1) Explain the cause of the seasons.





















2) Is Pluto currently considered a planet by astronomers? Why or why not?





















3) Compare and contrast the Greenhouse Effect and the Ozone Layer.





















4) Why do astronauts in the Space Shuttle experience weightlessness?




















Thanks for taking the time to answer a couple or all of these, and jotting down how long it took you to answer. And for any other feedback you may have.

X-posted

Date: 2008-06-14 08:08 pm (UTC)
From: [identity profile] jrtom.livejournal.com
So... 12:48:

(1) The seasons are caused by Earth's axial tilt: between the spring and fall equinoxes, the northern hemisphere is tilted towards the sun, causing the amount of light falling on the northern hemisphere to be greater than that falling on the southern hemisphere. The reverse is true during the other 6 months of the year.
(12:53)

(2) Pluto is not currently considered a planet by astronomers; this is a recent change. In 2006 'planet' was first formally defined by the IAU to be something that orbited the sun, was essentially spherical, and cleared its orbit of debris; Pluto does not satisfy the third criterion and is therefore called a 'dwarf planet'. As of 11 June 2008, Pluto (and other dwarf planets outside Neptune's orbit) are now a class of their own, called 'plutoids'.
reference: http://en.wikipedia.org/wiki/2006_definition_of_planet
(12:58)

(3) [Skipped.

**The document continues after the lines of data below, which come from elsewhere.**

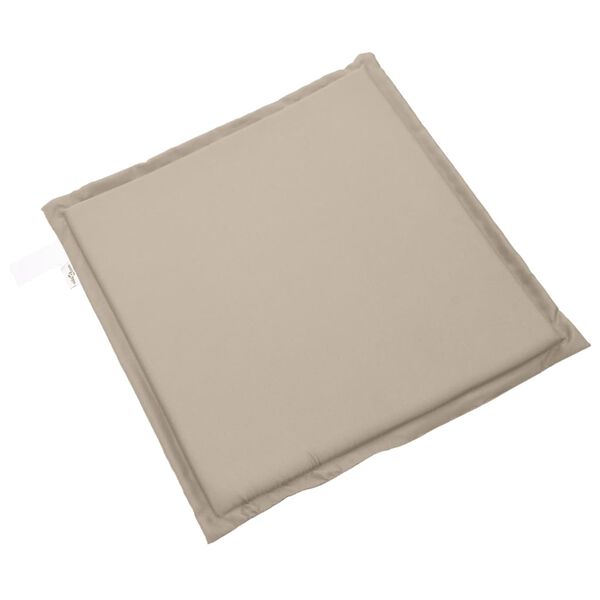 vidaXL Coussins de si&egrave;ge de jardin lot de 4 taupe 45x45x2 cm carr&eacute;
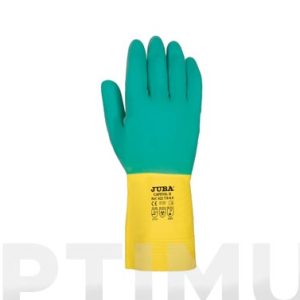 GUANTE LATEX BICOLOR FLOCADO T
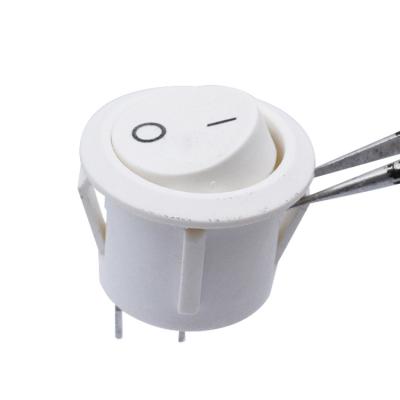 China Factory Direct Sales High Quality KCD1-105 2 Pin Rocker Switch KCD1-105 White Round On-Off Switch for sale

This question doesn't make a lot of sense to me. "Discuss the relationship between the phenomenon known as "the greenhouse effect" and the ozone layer" would make more sense, but "compare and contrast" implies that they're the same kind of thing or phenomenon, and they're not. It's sort of like being asked to compare and contrast "inflation" and "the money supply".]

13:01
(4) The same reason anyone who's falling feels weightless: the force due to gravity is not being opposed by any other force, and there's not enough tidal effects (differential acceleration on different parts of their bodies) for them to be able to perceive such effects. They're falling in an essentially circular trajectory around the planet. (The question of why their trajectory is circular is a separate one; for that one, insert more quarters. :) )
13:06

Side point: I type probably in excess of 70 wpm, so you may want to factor that in.

Date: 2008-06-14 08:12 pm (UTC)
From: [identity profile] zandperl.livejournal.com
Lots of people have been complaining about that third question. When I teach a class where I have that question, I usually make it clear in the course of the lecture what I mean. I'm planning to give my answers to all four questions on Monday in case people are curious.